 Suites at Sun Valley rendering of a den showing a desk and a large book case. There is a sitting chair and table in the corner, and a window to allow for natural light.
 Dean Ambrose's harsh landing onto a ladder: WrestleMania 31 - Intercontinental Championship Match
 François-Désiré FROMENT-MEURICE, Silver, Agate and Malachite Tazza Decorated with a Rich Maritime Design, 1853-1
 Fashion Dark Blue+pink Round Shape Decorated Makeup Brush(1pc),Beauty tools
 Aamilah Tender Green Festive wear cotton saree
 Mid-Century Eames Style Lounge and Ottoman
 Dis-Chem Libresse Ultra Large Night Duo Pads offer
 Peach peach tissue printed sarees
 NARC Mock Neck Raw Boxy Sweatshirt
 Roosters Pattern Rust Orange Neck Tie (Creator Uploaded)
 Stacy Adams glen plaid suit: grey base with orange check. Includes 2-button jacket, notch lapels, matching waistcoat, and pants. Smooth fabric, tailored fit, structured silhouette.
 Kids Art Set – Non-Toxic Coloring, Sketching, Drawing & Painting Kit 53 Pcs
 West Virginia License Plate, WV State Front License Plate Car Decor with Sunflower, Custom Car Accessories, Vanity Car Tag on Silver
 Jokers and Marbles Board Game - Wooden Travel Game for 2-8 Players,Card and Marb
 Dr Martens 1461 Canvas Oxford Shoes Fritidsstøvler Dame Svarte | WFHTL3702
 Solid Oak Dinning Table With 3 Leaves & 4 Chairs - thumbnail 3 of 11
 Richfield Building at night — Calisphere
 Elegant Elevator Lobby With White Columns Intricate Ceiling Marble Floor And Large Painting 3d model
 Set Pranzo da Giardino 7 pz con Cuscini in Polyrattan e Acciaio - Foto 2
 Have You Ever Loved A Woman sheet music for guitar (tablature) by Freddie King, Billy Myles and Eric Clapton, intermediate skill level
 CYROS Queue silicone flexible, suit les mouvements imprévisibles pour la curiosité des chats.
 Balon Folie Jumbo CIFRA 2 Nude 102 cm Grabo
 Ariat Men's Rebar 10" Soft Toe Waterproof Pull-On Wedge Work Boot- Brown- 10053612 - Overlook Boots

------------------------------------------------------------------------

(WHAT IS BEING ASKED)
Your task is to reproduce all of the records exactly.

(ANSWER TO THIS TASK)
 Suites at Sun Valley rendering of a den showing a desk and a large book case. There is a sitting chair and table in the corner, and a window to allow for natural light.
 Dean Ambrose's harsh landing onto a ladder: WrestleMania 31 - Intercontinental Championship Match
 François-Désiré FROMENT-MEURICE, Silver, Agate and Malachite Tazza Decorated with a Rich Maritime Design, 1853-1
 Fashion Dark Blue+pink Round Shape Decorated Makeup Brush(1pc),Beauty tools
 Aamilah Tender Green Festive wear cotton saree
 Mid-Century Eames Style Lounge and Ottoman
 Dis-Chem Libresse Ultra Large Night Duo Pads offer
 Peach peach tissue printed sarees
 NARC Mock Neck Raw Boxy Sweatshirt
 Roosters Pattern Rust Orange Neck Tie (Creator Uploaded)
 Stacy Adams glen plaid suit: grey base with orange check. Includes 2-button jacket, notch lapels, matching waistcoat, and pants. Smooth fabric, tailored fit, structured silhouette.
 Kids Art Set – Non-Toxic Coloring, Sketching, Drawing & Painting Kit 53 Pcs
 West Virginia License Plate, WV State Front License Plate Car Decor with Sunflower, Custom Car Accessories, Vanity Car Tag on Silver
 Jokers and Marbles Board Game - Wooden Travel Game for 2-8 Players,Card and Marb
 Dr Martens 1461 Canvas Oxford Shoes Fritidsstøvler Dame Svarte | WFHTL3702
 Solid Oak Dinning Table With 3 Leaves & 4 Chairs - thumbnail 3 of 11
 Richfield Building at night — Calisphere
 Elegant Elevator Lobby With White Columns Intricate Ceiling Marble Floor And Large Painting 3d model
 Set Pranzo da Giardino 7 pz con Cuscini in Polyrattan e Acciaio - Foto 2
 Have You Ever Loved A Woman sheet music for guitar (tablature) by Freddie King, Billy Myles and Eric Clapton, intermediate skill level
 CYROS Queue silicone flexible, suit les mouvements imprévisibles pour la curiosité des chats.
 Balon Folie Jumbo CIFRA 2 Nude 102 cm Grabo
 Ariat Men's Rebar 10" Soft Toe Waterproof Pull-On Wedge Work Boot- Brown- 10053612 - Overlook Boots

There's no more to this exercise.